I’m not going to lie to you…editing sucks. You spend all your creative energy writing something, you fall back in your chair exhausted from the effort, then someone with a red pen snatches up your paper and says, “I’m just gonna take a little peek and tell you what I think.” Everything goes black for a minute and when you reopen your eyes, your lovely paper is ruined. It looks like a small woodland creature opened a vein on it. It’s gross and scary looking, but worse, it absolutely crushes your soul.
But it also absolutely has to be done. You must have a fresh set of eyes read your work, even if that fresh set of eyes belongs to you and by fresh I mean “eyes that haven’t looked at this story in at least three days.”
A great editor, even if it’s your own multiple-personality self, will make the difference between a story that barely makes sense in your head and a story that anyone can read and enjoy. Make sure your editor–even if it’s your best friend, your teacher, your mom, your dog, etc.–is worthy of the task and won’t spare your feelings in order to salvage a story that is riddled with impossibilities. Ask yourself, is you goal to be a writer or to be a person that keeps being told, “Yeah, that was awesome, I loved it,” by people with a dead voice and a blank stare?
The most important thing you can do is not bite the hand that feeds you, and in the case of an editor, the editor is feeding you constructive criticism that can only make your writing better.
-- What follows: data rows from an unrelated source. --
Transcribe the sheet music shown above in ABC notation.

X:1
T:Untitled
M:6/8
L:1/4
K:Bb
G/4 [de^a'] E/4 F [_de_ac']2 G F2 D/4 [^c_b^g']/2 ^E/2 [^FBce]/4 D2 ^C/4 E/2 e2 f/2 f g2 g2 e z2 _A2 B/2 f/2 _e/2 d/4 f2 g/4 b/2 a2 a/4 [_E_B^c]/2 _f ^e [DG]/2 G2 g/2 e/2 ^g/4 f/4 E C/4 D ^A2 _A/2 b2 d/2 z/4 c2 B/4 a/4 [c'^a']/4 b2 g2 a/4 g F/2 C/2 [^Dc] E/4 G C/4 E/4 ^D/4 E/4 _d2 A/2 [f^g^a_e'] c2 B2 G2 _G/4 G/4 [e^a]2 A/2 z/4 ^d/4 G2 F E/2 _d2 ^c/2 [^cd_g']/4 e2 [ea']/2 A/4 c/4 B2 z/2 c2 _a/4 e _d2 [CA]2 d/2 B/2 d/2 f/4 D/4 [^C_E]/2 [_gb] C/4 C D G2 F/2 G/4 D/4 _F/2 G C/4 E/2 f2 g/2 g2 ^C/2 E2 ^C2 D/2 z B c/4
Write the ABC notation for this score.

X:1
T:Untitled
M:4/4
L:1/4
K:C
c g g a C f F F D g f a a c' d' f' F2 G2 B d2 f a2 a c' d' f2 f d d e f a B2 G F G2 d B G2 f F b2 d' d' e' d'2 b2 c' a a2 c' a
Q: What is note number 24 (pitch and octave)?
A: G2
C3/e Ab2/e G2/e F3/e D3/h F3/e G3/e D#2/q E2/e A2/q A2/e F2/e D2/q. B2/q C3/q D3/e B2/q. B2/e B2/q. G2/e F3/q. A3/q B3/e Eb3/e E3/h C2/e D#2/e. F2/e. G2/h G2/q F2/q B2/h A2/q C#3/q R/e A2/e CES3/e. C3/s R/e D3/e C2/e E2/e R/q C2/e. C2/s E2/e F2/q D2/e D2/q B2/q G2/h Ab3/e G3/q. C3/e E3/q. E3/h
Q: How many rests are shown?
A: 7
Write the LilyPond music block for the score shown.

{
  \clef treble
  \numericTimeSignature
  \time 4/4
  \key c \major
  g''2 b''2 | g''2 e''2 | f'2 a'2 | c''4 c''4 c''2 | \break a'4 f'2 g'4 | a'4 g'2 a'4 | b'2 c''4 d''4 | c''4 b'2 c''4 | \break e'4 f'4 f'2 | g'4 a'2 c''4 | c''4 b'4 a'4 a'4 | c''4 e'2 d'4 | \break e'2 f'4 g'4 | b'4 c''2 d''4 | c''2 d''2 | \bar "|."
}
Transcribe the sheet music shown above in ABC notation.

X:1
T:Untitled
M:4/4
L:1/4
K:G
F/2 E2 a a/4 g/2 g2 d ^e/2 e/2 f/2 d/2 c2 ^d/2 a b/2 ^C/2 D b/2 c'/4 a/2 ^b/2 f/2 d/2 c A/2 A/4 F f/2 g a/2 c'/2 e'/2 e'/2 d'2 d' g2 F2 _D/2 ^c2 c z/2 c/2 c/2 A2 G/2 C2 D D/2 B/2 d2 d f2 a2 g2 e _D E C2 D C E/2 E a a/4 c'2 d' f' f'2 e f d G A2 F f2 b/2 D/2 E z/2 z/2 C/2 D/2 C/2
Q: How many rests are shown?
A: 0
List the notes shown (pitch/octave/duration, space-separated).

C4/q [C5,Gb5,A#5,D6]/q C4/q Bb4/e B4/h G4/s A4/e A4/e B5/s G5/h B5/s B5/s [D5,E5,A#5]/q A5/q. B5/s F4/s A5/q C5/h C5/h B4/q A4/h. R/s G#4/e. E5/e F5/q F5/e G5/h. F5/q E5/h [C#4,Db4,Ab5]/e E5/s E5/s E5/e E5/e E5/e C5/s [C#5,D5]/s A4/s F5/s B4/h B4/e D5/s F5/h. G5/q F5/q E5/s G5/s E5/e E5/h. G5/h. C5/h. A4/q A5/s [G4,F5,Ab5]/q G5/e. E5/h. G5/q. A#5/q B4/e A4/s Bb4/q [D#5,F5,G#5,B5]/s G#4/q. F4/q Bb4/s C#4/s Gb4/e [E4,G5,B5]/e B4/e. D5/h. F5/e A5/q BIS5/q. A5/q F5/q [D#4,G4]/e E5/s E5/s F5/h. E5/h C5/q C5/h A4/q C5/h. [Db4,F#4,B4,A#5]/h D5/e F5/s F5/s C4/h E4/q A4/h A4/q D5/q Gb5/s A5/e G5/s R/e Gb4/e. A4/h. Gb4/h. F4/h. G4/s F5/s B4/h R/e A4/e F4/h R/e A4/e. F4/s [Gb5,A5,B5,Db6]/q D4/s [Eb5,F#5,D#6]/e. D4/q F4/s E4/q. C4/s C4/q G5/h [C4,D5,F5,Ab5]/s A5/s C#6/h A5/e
No, you don’t have to agree with every point the person makes, but you’d be an idiot not to at least look at the feedback and take it at face value.
Find someone who loves the genre that you write and has some experience with works that are at least similar to yours. Let that person have some time (meaning, don’t read over his shoulder while he’s trying to read your work!) to digest your story, and don’t be the kind of writer that makes people want to run the other way instead of giving you some helpful feedback.






3 days? I have to put it away for at least 3 weeks for my eyes to be fresh. I actually enjoy the editing part and love the constructive criticism I get from my editor. I consider it fine-tuning.
I’m more of a long term person myself. I was more envisioning those stories my teens write…three weeks is an eternity!